▸ Instructions to follow
Copy out exactly the stretch of the listing below that begins at the line containing "in MagSafe Charging Case for AirPods Pro" and ends at the line containing "bilde 2 2020", and copy nothing outside it.

▸ Task data
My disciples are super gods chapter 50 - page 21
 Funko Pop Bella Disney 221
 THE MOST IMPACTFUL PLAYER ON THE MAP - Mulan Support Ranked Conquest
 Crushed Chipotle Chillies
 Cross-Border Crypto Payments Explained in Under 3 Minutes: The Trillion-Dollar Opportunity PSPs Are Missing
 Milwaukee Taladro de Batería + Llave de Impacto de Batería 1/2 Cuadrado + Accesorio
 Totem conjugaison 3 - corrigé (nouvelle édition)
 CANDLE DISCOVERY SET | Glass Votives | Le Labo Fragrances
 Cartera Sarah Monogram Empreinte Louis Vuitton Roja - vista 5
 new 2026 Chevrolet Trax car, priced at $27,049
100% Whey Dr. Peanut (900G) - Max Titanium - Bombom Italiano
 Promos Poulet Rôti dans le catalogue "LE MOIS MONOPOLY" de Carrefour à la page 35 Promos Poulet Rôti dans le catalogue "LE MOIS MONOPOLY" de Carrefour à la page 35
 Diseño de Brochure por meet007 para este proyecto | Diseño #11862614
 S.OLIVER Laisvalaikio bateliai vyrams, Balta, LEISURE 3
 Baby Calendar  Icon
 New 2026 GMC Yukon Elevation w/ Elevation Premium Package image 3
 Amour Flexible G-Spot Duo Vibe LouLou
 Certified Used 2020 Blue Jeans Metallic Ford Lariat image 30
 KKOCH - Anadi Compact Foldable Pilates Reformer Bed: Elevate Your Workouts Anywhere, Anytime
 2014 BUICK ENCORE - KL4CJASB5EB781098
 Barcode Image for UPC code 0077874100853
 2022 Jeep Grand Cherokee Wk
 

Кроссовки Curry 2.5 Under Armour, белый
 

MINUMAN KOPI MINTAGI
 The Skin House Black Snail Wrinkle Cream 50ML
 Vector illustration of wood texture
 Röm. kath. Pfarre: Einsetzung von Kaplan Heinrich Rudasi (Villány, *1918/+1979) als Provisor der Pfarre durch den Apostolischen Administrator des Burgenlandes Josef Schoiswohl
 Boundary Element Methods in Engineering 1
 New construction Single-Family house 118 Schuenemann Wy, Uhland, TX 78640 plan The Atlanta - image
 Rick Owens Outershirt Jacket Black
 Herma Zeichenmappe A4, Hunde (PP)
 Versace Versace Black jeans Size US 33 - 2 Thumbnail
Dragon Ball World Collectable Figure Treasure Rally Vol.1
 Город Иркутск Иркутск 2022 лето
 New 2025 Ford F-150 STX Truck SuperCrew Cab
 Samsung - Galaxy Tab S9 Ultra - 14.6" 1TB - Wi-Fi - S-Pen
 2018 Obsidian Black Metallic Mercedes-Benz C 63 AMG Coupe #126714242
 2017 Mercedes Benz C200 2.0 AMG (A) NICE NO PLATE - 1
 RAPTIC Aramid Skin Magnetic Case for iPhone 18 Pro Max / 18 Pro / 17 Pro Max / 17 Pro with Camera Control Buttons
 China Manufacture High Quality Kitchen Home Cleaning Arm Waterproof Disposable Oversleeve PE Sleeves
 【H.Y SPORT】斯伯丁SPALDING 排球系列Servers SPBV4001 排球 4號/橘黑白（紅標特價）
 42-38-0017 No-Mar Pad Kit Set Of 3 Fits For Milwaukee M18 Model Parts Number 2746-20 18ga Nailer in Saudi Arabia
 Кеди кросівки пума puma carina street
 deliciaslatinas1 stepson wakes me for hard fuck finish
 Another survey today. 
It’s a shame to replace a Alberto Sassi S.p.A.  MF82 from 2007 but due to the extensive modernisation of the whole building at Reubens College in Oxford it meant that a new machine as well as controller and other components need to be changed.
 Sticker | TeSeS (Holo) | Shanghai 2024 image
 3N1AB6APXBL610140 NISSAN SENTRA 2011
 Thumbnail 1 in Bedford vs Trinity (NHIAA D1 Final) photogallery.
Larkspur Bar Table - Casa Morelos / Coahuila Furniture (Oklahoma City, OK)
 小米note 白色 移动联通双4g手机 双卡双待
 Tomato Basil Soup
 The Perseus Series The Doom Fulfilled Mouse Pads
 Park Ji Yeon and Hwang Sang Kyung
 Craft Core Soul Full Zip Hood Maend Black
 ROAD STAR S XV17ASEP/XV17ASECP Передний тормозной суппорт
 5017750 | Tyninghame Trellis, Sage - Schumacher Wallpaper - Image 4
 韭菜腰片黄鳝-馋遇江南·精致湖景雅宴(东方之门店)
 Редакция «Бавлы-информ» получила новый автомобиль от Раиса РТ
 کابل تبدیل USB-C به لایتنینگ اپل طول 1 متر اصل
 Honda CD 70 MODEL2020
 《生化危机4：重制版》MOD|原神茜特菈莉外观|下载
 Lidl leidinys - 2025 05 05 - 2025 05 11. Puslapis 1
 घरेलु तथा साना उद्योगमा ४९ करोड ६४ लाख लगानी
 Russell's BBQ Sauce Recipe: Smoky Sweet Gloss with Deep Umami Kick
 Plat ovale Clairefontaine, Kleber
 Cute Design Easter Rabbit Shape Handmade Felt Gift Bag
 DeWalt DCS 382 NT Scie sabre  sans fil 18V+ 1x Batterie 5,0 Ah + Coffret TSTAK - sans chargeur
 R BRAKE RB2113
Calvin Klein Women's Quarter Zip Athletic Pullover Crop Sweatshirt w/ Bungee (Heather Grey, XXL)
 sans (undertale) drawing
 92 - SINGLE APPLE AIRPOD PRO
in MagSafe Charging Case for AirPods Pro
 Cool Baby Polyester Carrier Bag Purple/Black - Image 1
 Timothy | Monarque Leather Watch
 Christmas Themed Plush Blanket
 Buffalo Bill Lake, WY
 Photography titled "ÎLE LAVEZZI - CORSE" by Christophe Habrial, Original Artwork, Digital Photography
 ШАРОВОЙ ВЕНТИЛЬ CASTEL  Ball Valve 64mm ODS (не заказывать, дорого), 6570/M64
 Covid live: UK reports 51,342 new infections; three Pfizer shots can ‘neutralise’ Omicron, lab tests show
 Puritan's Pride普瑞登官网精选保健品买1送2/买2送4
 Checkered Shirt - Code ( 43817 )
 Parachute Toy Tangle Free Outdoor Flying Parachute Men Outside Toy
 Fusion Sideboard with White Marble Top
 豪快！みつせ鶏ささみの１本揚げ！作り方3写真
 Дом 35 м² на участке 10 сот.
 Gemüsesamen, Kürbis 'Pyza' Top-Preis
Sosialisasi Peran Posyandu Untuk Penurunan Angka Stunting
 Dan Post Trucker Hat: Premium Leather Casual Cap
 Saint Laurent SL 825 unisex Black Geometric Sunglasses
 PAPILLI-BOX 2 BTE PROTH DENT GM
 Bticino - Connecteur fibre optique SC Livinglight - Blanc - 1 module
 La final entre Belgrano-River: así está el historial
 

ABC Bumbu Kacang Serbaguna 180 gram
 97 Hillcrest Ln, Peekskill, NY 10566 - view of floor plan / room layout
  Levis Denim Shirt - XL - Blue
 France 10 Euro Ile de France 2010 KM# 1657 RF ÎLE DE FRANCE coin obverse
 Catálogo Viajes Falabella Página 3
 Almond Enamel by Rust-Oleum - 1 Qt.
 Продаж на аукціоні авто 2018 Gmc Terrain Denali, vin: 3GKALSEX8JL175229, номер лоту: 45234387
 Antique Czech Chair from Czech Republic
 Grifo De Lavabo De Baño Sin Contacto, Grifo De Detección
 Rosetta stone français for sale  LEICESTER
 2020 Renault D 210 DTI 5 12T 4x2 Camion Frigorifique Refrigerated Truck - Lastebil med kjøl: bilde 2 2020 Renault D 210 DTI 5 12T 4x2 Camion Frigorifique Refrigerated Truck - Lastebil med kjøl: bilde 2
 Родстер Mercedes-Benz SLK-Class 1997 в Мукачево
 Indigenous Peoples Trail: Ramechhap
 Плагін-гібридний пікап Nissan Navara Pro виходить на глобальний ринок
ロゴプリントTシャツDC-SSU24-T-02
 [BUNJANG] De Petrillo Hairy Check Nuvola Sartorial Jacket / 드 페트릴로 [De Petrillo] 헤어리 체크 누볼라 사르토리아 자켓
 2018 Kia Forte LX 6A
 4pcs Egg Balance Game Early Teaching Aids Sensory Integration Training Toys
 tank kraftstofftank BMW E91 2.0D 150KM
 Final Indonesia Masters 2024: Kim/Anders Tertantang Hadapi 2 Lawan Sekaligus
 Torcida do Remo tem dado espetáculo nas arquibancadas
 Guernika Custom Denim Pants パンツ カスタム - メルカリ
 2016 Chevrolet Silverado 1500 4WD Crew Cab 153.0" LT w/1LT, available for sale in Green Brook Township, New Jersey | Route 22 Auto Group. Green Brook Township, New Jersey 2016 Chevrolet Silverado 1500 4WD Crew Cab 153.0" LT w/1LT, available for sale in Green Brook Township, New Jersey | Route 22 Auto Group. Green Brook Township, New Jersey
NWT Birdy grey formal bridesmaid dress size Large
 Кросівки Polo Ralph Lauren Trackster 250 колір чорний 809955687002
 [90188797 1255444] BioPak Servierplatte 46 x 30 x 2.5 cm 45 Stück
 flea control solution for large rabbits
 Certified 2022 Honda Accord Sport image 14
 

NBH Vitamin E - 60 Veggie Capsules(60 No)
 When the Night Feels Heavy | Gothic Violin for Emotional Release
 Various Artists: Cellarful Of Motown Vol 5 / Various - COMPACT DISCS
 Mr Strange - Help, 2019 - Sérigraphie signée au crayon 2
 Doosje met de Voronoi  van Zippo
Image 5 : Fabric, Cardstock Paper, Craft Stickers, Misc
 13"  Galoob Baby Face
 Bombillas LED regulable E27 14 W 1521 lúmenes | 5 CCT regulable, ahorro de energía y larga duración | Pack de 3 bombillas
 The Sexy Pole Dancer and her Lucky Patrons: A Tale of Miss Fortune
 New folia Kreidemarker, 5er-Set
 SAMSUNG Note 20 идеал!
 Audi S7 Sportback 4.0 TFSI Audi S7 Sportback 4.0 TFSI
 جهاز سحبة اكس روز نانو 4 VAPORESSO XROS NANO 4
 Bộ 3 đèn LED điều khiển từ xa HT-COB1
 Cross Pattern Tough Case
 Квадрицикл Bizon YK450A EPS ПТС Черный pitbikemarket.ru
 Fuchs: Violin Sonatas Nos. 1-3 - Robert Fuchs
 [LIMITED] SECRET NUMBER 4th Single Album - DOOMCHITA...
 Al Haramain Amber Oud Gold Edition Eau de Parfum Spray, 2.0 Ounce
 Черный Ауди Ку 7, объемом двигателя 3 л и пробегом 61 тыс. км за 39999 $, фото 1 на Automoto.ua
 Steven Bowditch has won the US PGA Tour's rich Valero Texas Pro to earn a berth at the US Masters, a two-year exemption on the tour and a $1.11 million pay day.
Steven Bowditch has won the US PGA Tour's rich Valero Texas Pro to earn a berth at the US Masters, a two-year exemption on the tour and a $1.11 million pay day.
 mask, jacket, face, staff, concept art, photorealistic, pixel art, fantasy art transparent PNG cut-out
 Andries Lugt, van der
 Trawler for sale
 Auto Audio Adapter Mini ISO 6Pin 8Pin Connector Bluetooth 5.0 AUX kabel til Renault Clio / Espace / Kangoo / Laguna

▸ Answer space
in MagSafe Charging Case for AirPods Pro
 Cool Baby Polyester Carrier Bag Purple/Black - Image 1
 Timothy | Monarque Leather Watch
 Christmas Themed Plush Blanket
 Buffalo Bill Lake, WY
 Photography titled "ÎLE LAVEZZI - CORSE" by Christophe Habrial, Original Artwork, Digital Photography
 ШАРОВОЙ ВЕНТИЛЬ CASTEL  Ball Valve 64mm ODS (не заказывать, дорого), 6570/M64
 Covid live: UK reports 51,342 new infections; three Pfizer shots can ‘neutralise’ Omicron, lab tests show
 Puritan's Pride普瑞登官网精选保健品买1送2/买2送4
 Checkered Shirt - Code ( 43817 )
 Parachute Toy Tangle Free Outdoor Flying Parachute Men Outside Toy
 Fusion Sideboard with White Marble Top
 豪快！みつせ鶏ささみの１本揚げ！作り方3写真
 Дом 35 м² на участке 10 сот.
 Gemüsesamen, Kürbis 'Pyza' Top-Preis
Sosialisasi Peran Posyandu Untuk Penurunan Angka Stunting
 Dan Post Trucker Hat: Premium Leather Casual Cap
 Saint Laurent SL 825 unisex Black Geometric Sunglasses
 PAPILLI-BOX 2 BTE PROTH DENT GM
 Bticino - Connecteur fibre optique SC Livinglight - Blanc - 1 module
 La final entre Belgrano-River: así está el historial
 

ABC Bumbu Kacang Serbaguna 180 gram
 97 Hillcrest Ln, Peekskill, NY 10566 - view of floor plan / room layout
  Levis Denim Shirt - XL - Blue
 France 10 Euro Ile de France 2010 KM# 1657 RF ÎLE DE FRANCE coin obverse
 Catálogo Viajes Falabella Página 3
 Almond Enamel by Rust-Oleum - 1 Qt.
 Продаж на аукціоні авто 2018 Gmc Terrain Denali, vin: 3GKALSEX8JL175229, номер лоту: 45234387
 Antique Czech Chair from Czech Republic
 Grifo De Lavabo De Baño Sin Contacto, Grifo De Detección
 Rosetta stone français for sale  LEICESTER
 2020 Renault D 210 DTI 5 12T 4x2 Camion Frigorifique Refrigerated Truck - Lastebil med kjøl: bilde 2 2020 Renault D 210 DTI 5 12T 4x2 Camion Frigorifique Refrigerated Truck - Lastebil med kjøl: bilde 2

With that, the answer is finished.